This is my first question to the stack overflow.
We are doing statistics for simulation data and I wanted to implement the bootstrap in Oracle-SQL (sampling data with replacement). My approach is as follows:
However, there seems to be a problem with joins. Oracle is losing some rows.
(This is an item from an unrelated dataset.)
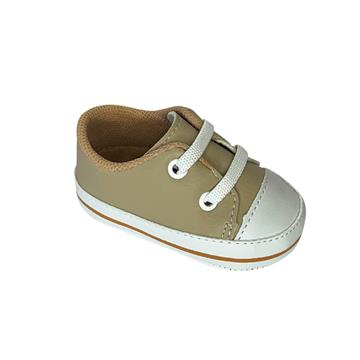 TENIS MASC TAM 14 BIBI LILI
Here is an example. When I do the following query, I get a random ordering of the rows:
WITH basis as (
SELECT 'A' AS KPI_KEY, 2 AS KPI_VALUE FROM dual
union all
SELECT 'A' AS KPI_KEY, 5 AS KPI_VALUE FROM dual
union all
SELECT 'A' AS KPI_KEY, 3 AS KPI_VALUE FROM dual
), group_counts AS (
SELECT KPI_KEY, COUNT(*) as total_count
FROM basis
GROUP BY KPI_KEY
)
, random_numbers AS (
SELECT KPI_KEY, ceil(dbms_random.value(0, max(total_count))) AS rand_rn
FROM group_counts
GROUP BY KPI_KEY
CONNECT BY LEVEL <= total_count AND PRIOR KPI_KEY = KPI_KEY AND PRIOR dbms_random.value IS NOT NULL
)
select * from random_numbers
;
Result (correct): KPI_KEY RAND_RN 'A' 1 'A' 2 'A' 2
Now, when I join the numbered rows like the following, the result is wrong:
WITH basis as (
SELECT 'A' AS KPI_KEY, 2 AS KPI_VALUE FROM dual
union all
SELECT 'A' AS KPI_KEY, 5 AS KPI_VALUE FROM dual
union all
SELECT 'A' AS KPI_KEY, 3 AS KPI_VALUE FROM dual
), group_counts AS (
SELECT KPI_KEY, COUNT(*) as total_count
FROM basis
GROUP BY KPI_KEY
)
, numbered_rows AS (
SELECT KPI_KEY, KPI_VALUE, ROW_NUMBER()
OVER (PARTITION BY KPI_KEY ORDER BY dbms_random.value) AS rn, total_count
FROM basis
JOIN group_counts USING (KPI_KEY)
)
, random_numbers AS (
SELECT KPI_KEY, ceil(dbms_random.value(0, max(total_count))) AS rand_rn
FROM group_counts
GROUP BY KPI_KEY
CONNECT BY LEVEL <= total_count AND PRIOR KPI_KEY = KPI_KEY AND PRIOR dbms_random.value IS NOT NULL
)
SELECT rn.KPI_KEY, nr.KPI_VALUE, nr.rn
FROM random_numbers rn
LEFT JOIN numbered_rows nr
ON rn.KPI_KEY = nr.KPI_KEY
and rn.rand_rn = nr.rn
;
Result (value is random, but missing rows from join): KPI_KEY KPI_VALUE RN 'A' 5 3
Someone who has had a similar problem before? Seems like an Oracle bug to me, but maybe I missed an important detail.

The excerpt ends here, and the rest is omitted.